Want to keep that meeting to 30 minutes instead of 45 because you think it can be completed efficiently in that time? Do it. Efficiency and boundary setting eat overworking for breakfast - so don’t be afraid to put non-negotiables in place to reclaim your time and manage your workload effectively.
We don’t want to sound like a cliché, but teamwork really does make the dream work. If you’re feeling overworked - are you delegating enough? Are you working with your colleagues enough? Teamwork can enable you to manage your workload and avoid burnout. It can also allow you to see what your colleagues are doing - what is their workload like? How does it compare?
Sure, some of us are more efficient than others - those individuals who seemingly can complete a week's worth of work in a matter of hours, but this is all down to discipline and focus. This is nuanced - as we have to also consider neurodivergent individuals and that this will differ for them.

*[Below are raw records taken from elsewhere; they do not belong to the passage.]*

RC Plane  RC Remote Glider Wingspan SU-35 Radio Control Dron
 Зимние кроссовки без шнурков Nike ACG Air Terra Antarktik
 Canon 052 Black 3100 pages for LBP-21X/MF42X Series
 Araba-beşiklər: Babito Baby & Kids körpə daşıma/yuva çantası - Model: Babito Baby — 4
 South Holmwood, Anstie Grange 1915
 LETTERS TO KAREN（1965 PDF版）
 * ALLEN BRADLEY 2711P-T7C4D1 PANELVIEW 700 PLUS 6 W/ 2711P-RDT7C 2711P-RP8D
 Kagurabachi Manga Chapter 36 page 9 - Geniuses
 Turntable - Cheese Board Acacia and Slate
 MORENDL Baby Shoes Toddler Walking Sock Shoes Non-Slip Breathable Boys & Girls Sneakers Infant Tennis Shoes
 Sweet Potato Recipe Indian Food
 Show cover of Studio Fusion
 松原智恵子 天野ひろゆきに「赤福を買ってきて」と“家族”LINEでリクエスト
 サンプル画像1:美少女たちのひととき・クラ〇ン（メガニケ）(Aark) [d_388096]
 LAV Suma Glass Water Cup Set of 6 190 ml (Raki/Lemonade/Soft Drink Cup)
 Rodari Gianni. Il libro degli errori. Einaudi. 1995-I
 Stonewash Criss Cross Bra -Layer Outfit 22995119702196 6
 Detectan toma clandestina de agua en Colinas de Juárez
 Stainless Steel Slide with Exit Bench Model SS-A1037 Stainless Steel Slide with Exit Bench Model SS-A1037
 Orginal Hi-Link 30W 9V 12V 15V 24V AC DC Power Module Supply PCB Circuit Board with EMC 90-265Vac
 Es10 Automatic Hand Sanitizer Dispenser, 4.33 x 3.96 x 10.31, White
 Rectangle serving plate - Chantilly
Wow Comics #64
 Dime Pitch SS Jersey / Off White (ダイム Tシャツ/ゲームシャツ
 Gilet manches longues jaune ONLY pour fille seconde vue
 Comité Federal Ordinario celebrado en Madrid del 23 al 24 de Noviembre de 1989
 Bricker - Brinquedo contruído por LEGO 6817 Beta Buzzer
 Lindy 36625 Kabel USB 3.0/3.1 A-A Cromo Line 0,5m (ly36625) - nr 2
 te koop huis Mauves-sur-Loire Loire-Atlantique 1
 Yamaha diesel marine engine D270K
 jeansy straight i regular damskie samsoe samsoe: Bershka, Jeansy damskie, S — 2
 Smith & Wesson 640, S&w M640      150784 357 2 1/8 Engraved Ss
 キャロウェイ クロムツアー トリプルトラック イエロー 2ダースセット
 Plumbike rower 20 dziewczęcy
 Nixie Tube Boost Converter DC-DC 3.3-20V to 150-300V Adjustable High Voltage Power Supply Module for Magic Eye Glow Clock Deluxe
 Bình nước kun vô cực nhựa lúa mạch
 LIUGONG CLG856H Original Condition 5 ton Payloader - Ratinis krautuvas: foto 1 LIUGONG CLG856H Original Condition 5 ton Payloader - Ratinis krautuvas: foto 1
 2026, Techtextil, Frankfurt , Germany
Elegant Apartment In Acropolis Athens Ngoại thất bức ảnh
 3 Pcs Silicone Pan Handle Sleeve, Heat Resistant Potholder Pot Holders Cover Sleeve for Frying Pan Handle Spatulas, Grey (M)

Some neurodivergent’s - for example, those with ADHD - may be able to function better on some tasks than neurotypicals due to the ability to focus intensely, whereas others - also with ADHD, may get overwhelmed by what is considered a “normal” workload. Focus varies from person to person, however measuring this can enable you to determine whether a workload is “normal” for you - or whether it’s burning you out.
And finally, if you weren’t doing enough - remember someone would tell you! Too often we are worrying about things that in the grand scheme of it, don’t really matter. If your employer, manager, or colleague thought that you weren’t doing enough work, trust us - you’d either be told or given more work. Ultimately, it’s not your responsibility to overload yourself and take on too much out of guilt or fear. Instead, focus on creating balance for yourself and a workload that is enjoyable and challenging without being draining.